Malgré le passage des années, Moïse n’avait rien perdu de sa vigueur. Plus que sa vigueur physique, on peut saluer sa ténacité dans son rôle de porte-parole. Inlassablement, malgré les récriminations, les entêtements, les divagations, les errements, du peuple, Moïse a, sans relâche, transmis, enseigné et partagé les paroles du Seigneur. Autant de fois que nécessaire, malgré les circonstances, la fatigue, la fuite, l’exil, il n’a jamais cessé de faire de son mieux pour que le peuple se réponde à la promesse de Dieu. Il aurait littéralement pu baisser les bras. Notamment quand il devait garder les bras levés pour que le peuple sorte victorieux du combat. Pour éviter qu’il ne baisse les bras, on a placé des bâtons sous ses bras pour le soutenir. Moïse ne s’est jamais laissé gagner par la réticence du peuple. Le texte nous dit « son œil ne s’était pas affaibli ». Il savait dans quelle direction regarder. Il regardait vers l’avenir, son regard tourné vers la terre promise. Il pourra d’ailleurs l’embrasser du regard, avant de mourir. Cette expression résume le passage que nous lisons ce matin : Moïse « embrasse » la terre de son regard et Dieu le fait mourir « par sa bouche ». Moïse regarde toujours vers l’avenir, celui de la promesse, faisant le choix radical de l’espérance alors que le peuple a tendance à se retourner pour regarder vers le passé. Alors qu’il a fui l’Égypte et que les émissaires ont fait le récit des merveilles de la terre promise, le peuple voudrait bien faire demi-tour et regarder à nouveau vers le pays de l’esclavage. Comme le disait Christian Baccuet dans sa prédication « la terre promise, une histoire complexe » et citant les mots du théologien Jorgen Bultmann, il rappelait la force de ses textes qui sont un encouragement à l’espérance. A se tourner résolument et avec confiance, vers l’avenir.

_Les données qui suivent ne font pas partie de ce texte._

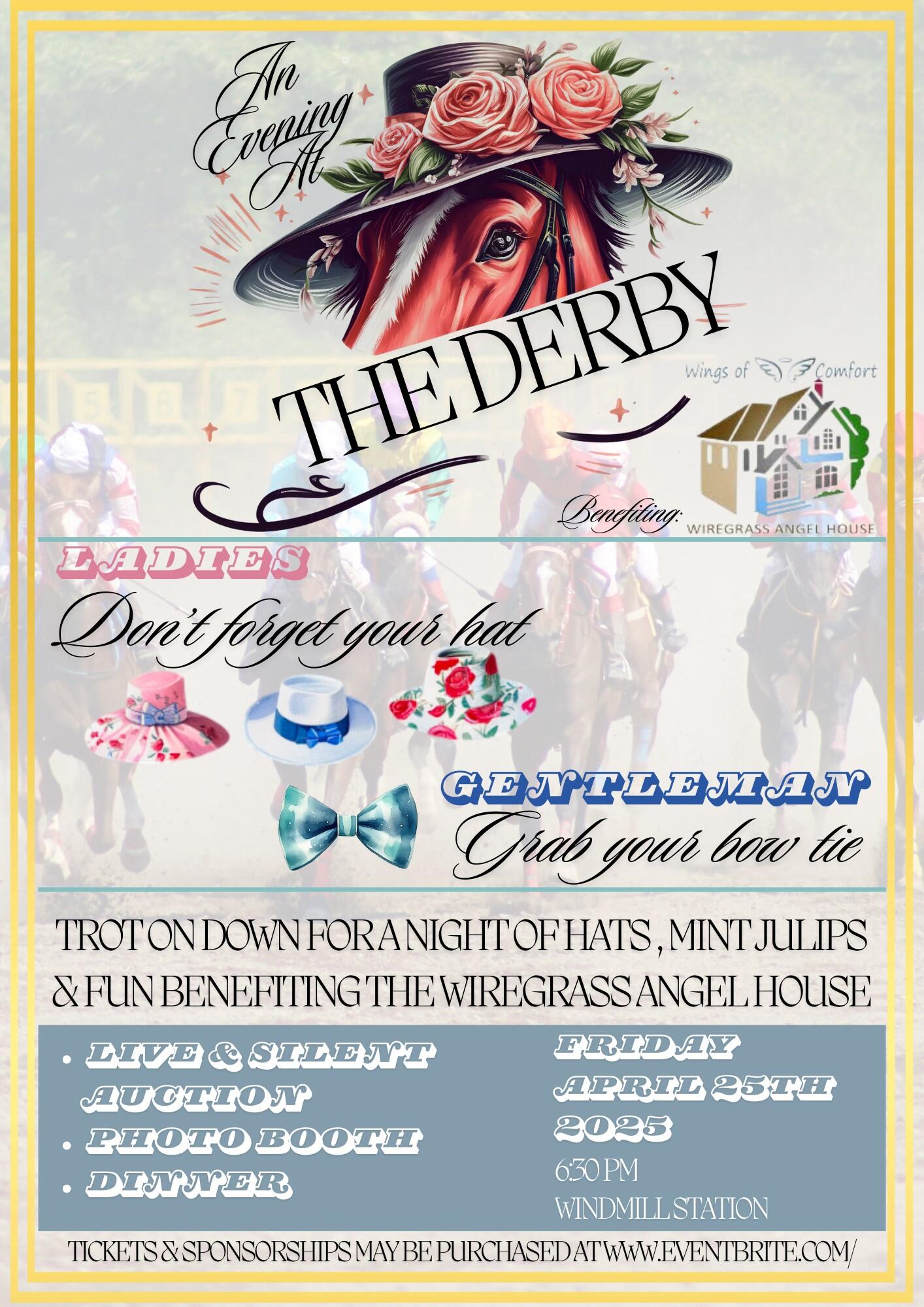 Campaign cover image for An Evening at the Derby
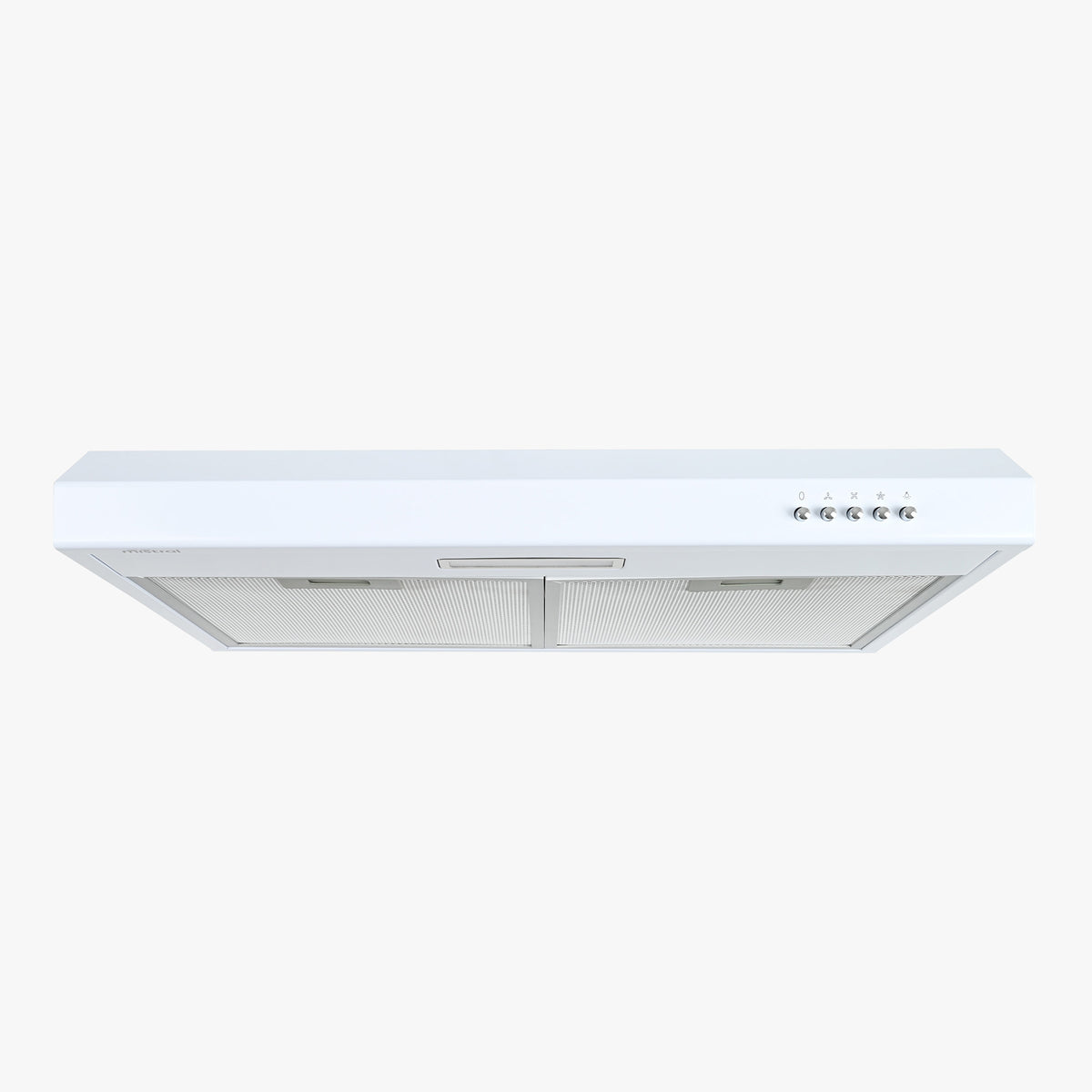 60cm Fixed Rangehood - White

Et ce n’est pas pour rien que Martin Luther King, dans son dernier discours, cite le passage du Deutéronome que nous lisons aujourd’hui. « I’ve been to the mountaintop » dit-il en introduction de son discours. « je suis allé jusqu’au sommet de la montage »… Il le sait, probablement comme Moïse, il ne vivra pas l’avenir qu’il construit pour son peuple, en l’occurrence la population noire des Etats-Unis. Il ne s’adresse d’ailleurs pas uniquement aux afro-américains ; ils parlent aux opprimés, ils parlent à ceux qui subissent l’esclavage moderne. Ce discours, cet ultime discours, il l’adresse à des ouvriers en grève. Il prend l’exemple de Moïse et fait de ses mots les siens : sa foi en Dieu, la confiance qu’il a en Lui, lui ont permis de gravir la montagne. Martin Luther King est convaincu qu’une autre société est possible. Un idéal d’égalité et d’équilibre économique, une terre promise pour les ouvriers auxquels il s’adresse. Il leur dit qu’avec la confiance, leurs forces seront plus grandes et que, même si le combat à mener est difficile, ils pourront l’emporter.

Notre terre promise s'appelle le Royaume. Aucun de nous n'espère l'atteindre de son vivant. Mais on s'efforce d'y tendre, de le construire, de le faire advenir pour les générations futures.

Nous n'avons pas prétention à être des prophètes, mais nous sommes appelés à être des témoins. Nous recevons les paroles de Dieu, non pas face à face, mais par les mots de son fils qui a eu visage humain. Nous sommes prophètes/témoins ; appelés à annoncer et partager le monde auquel nous croyons, que nous souhaitons construire et que nous espérons pour tous les humains qui peuplent la terre.